▸ AIM OF THE TASK: Print every entry below again exactly as written, skipping the pictures.

▸ SUPPLIED RECORDS:
▼
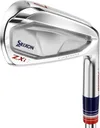 Srixon ZXi7 All-American...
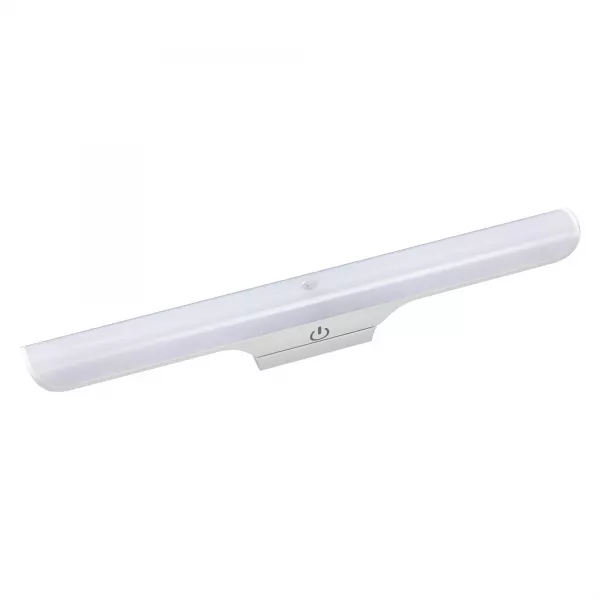 LEDVANCE - Linear LED Swivel Mobile Sensor 35CM 4W=325LM USB CHAUD (4099854096556)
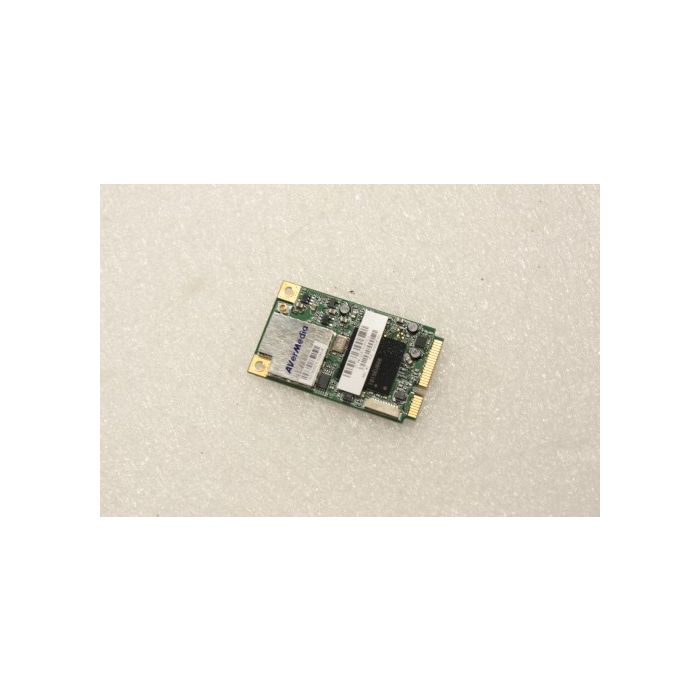 HP Touchsmart 310 All In One PC Mini PCI-e TV Tuner Card 616519-001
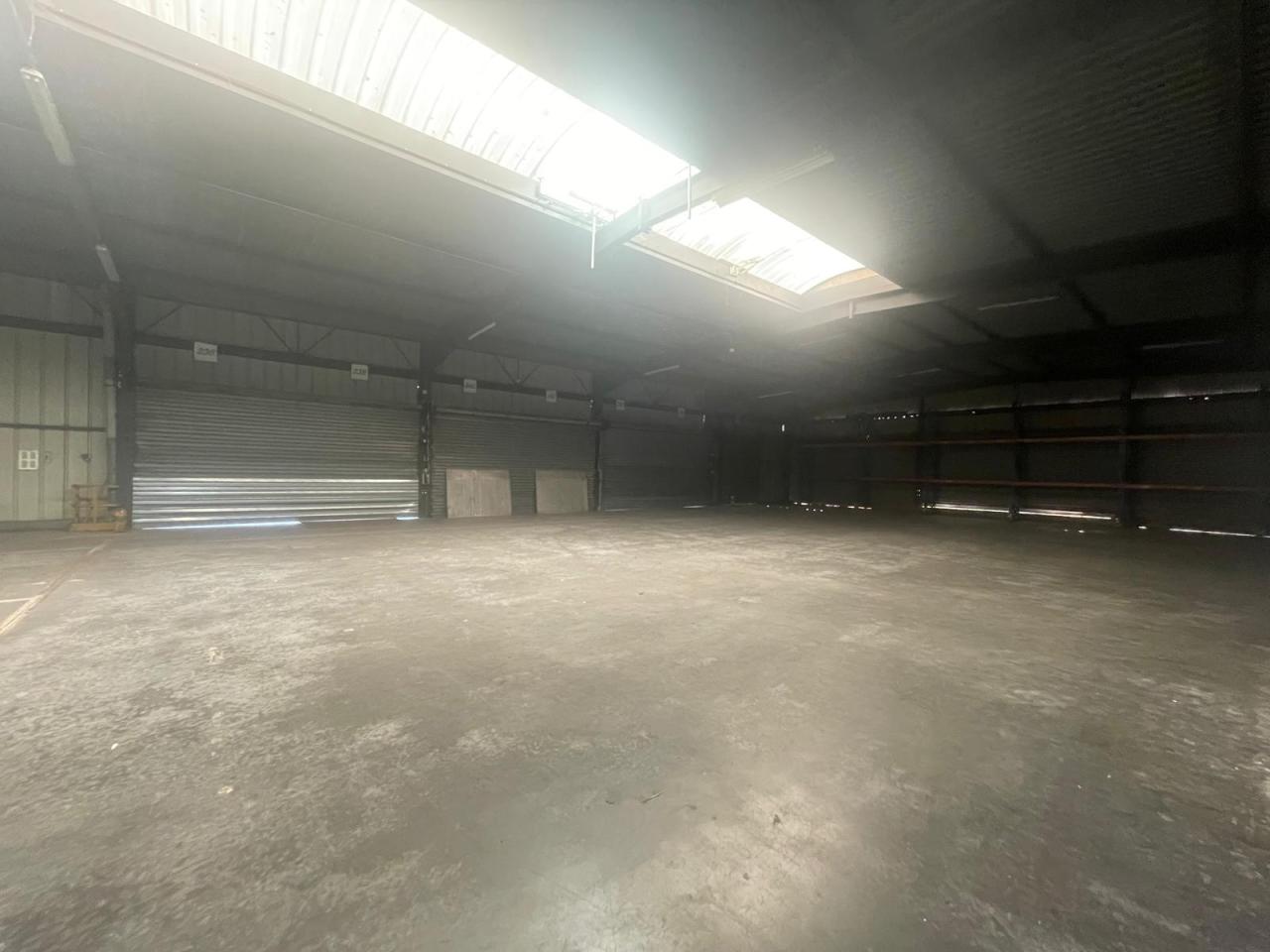 Local d'activité Lesquin 2100m² Location local d'activité Lesquin Nord OLACT2424350 10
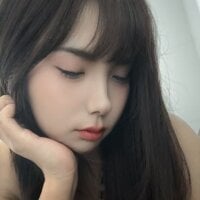 ziqingbaby9 model avatar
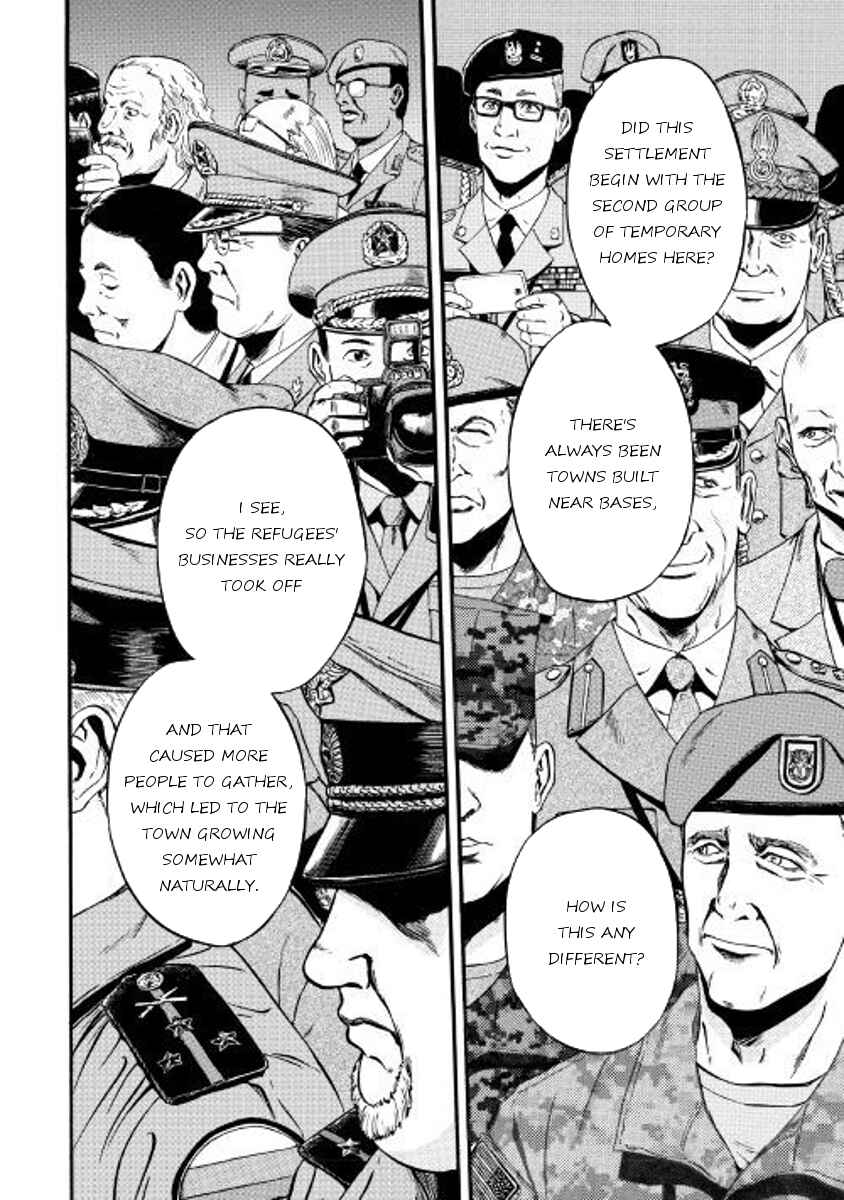 Chapter 72 - Page 2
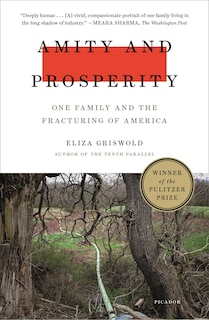 Couverture_Amity And Prosperity
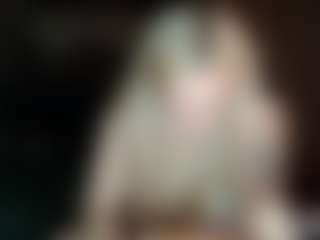 Amy-nymph's Live Sex Cam Show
▲
▸ RESULT OF THIS TASK:
 Srixon ZXi7 All-American...
 LEDVANCE - Linear LED Swivel Mobile Sensor 35CM 4W=325LM USB CHAUD (4099854096556)
 HP Touchsmart 310 All In One PC Mini PCI-e TV Tuner Card 616519-001
 Local d'activité Lesquin 2100m² Location local d'activité Lesquin Nord OLACT2424350 10
 ziqingbaby9 model avatar
 Chapter 72 - Page 2
 Couverture_Amity And Prosperity
 Amy-nymph's Live Sex Cam Show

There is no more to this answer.